Mayor Unveils $150 Million Operating Budget
FITCHBURG — The city’s 2020 operating budget of over $150 million includes additonal funding for its schools, adds two public works laborers, and maintains city services.
“We take a conservative approach but a fiscally responsible one,” said Mayor Stephen DiNatale.
The budget is broken down into the general fund and enterprise funds for water, wastewater, and the Fitchburg Municipal Airport.
Fitchburg’s general fund — which includes budgets for most city departments — was nearly $130 million, $2.6 million more than the previous year’s budget.
The three enterprise funds totaled $20.7 million, which is a $2.4 million increase.
Overall the budget shows the importance of continuing to grow the city’s commercial sector by attracting businesses to expand Fitchburg’s tax base, DiNatale said.
One way the city looks to do that is through the marijuana business. He said free cash appropriations to the police, legal, and community development departments will help the city as the industry establishes itself.
Here is a closer look at department funding in the general fund:
The mayor recommended a $60.2 million budget for the Fitchburg Public Schools, which is the amount the district requested.
That amount is a $3.6 million increase over the previous year and meets net school spending, DiNatale said.
Most of the increase for the school’s budget comes from more state funding, he said. Fitchburg is expecting over $55 million in Chapter 70 aid.
“The more noise there is the more tension there is at Beacon Hill,” DiNatale said, referring to how communities like Fitchburg have advocated for changes to the state’s public education funding formula.
The city’s assessment for Monty Tech is $1.9 million, about $80,000 more than for Fiscal 2019.
The Department of Public Works had a recommended budget of $4.2 million.
Work to comply with state and federal stormwater discharge laws has been a funding challenge for the city, which has mostly appropriated money from free cash, said AJ Tourigny, the mayor’s chief of staff.
To help the city stay compliant, the DPW budget includes money to hire two laborers to focus on stormwater work.
Although the city has increased its snow and ice removal budget since DiNatale took office, in reality service and equipment can top $1 million, he said.
In preparation for the next season, DiNatale proposed putting free cash from the current year into a reserve account for snow and ice removal.
That money — about $1 million — could be used with the $500,000 the city budgeted for snow and ice through the department.
Projects that the city previously paid debt for like the high school and fire station are now complete, which resulted in total debt service that is $1.3 million less than last year, said City Solicitor Calvin Brooks.
The debt service for Fiscal 2020 includes a second payment for the Longsjo Middle School roof repair project.

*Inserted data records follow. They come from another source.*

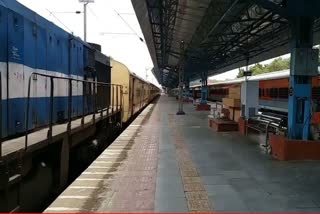 more-than-40-trains-from-junagadh-veraval-and-porbandar-were-suspended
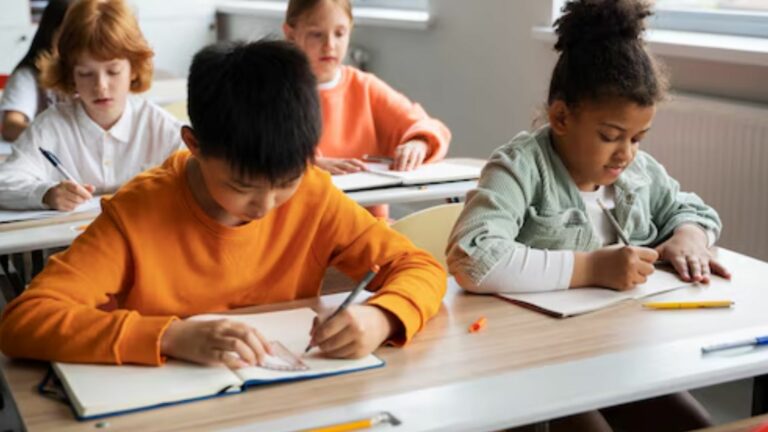 Estudantes (Foto: Freepik)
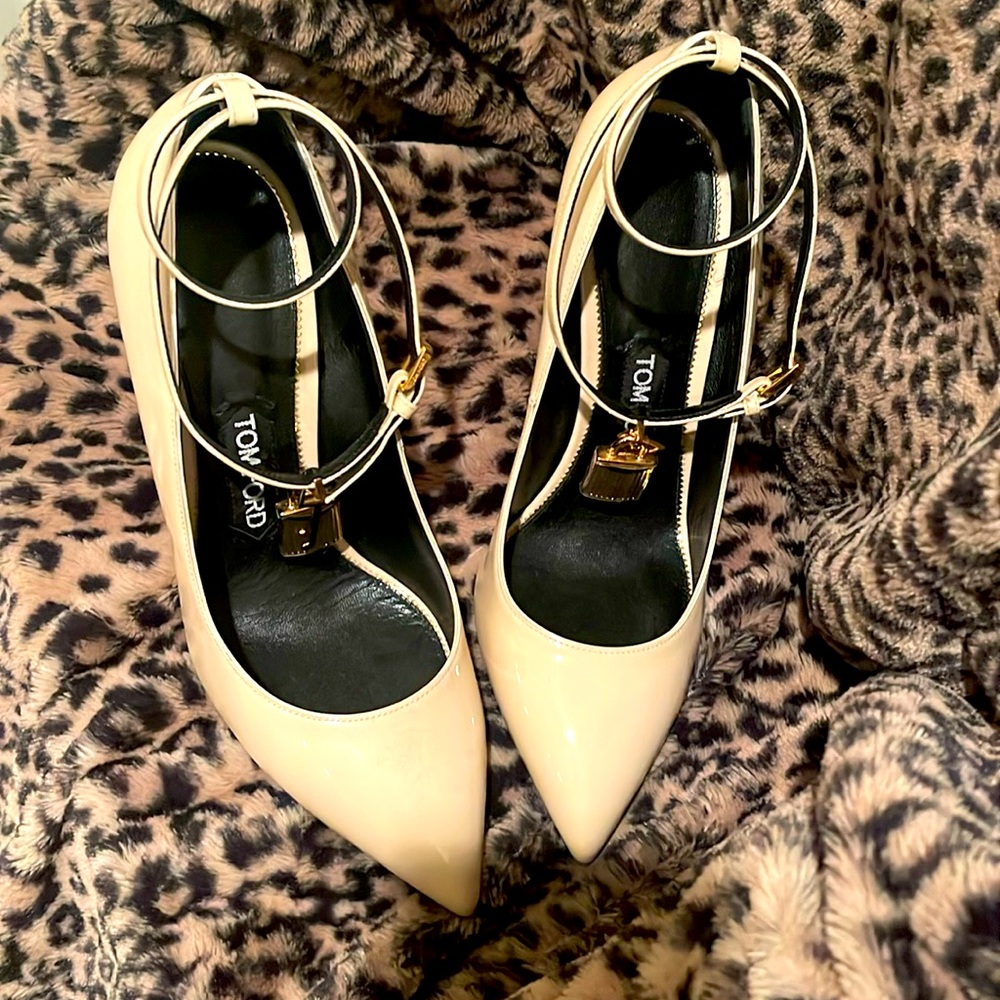 Tom ford double wrap with lock pumps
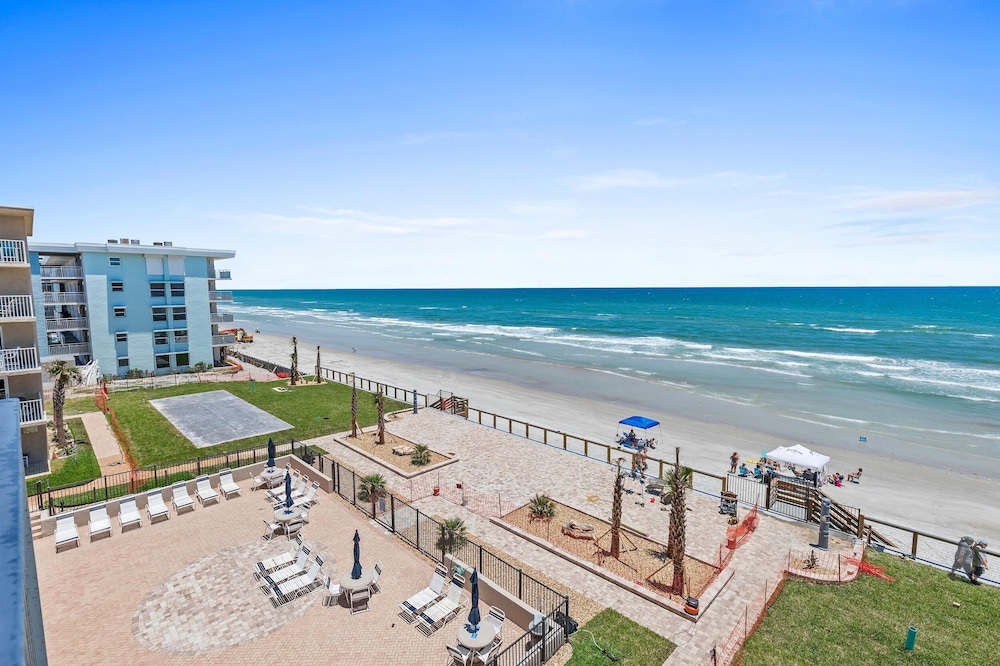 Sea Coast Condominium 518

The mayor’s budget also includes an expansion for debt service that can create room to pay for projects like the City Hall restoration.
“We’re creating the space to do that when we have to borrow for City Hall and there won’t be a budget crunch,” DiNatale said.
The budget is expected to appear on the City Council’s meeting agenda for next Tuesday and be referred to the Council as a Whole Committee.
DiNatale and the finance team will present the budget and hold a public forum May 28 during the Council as a Whole Committee meeting.
The committee will meet again June 5 to debate and vote on a recommendation for the budget.
Following that meeting, there will be a special council meeting and a final vote on the budget.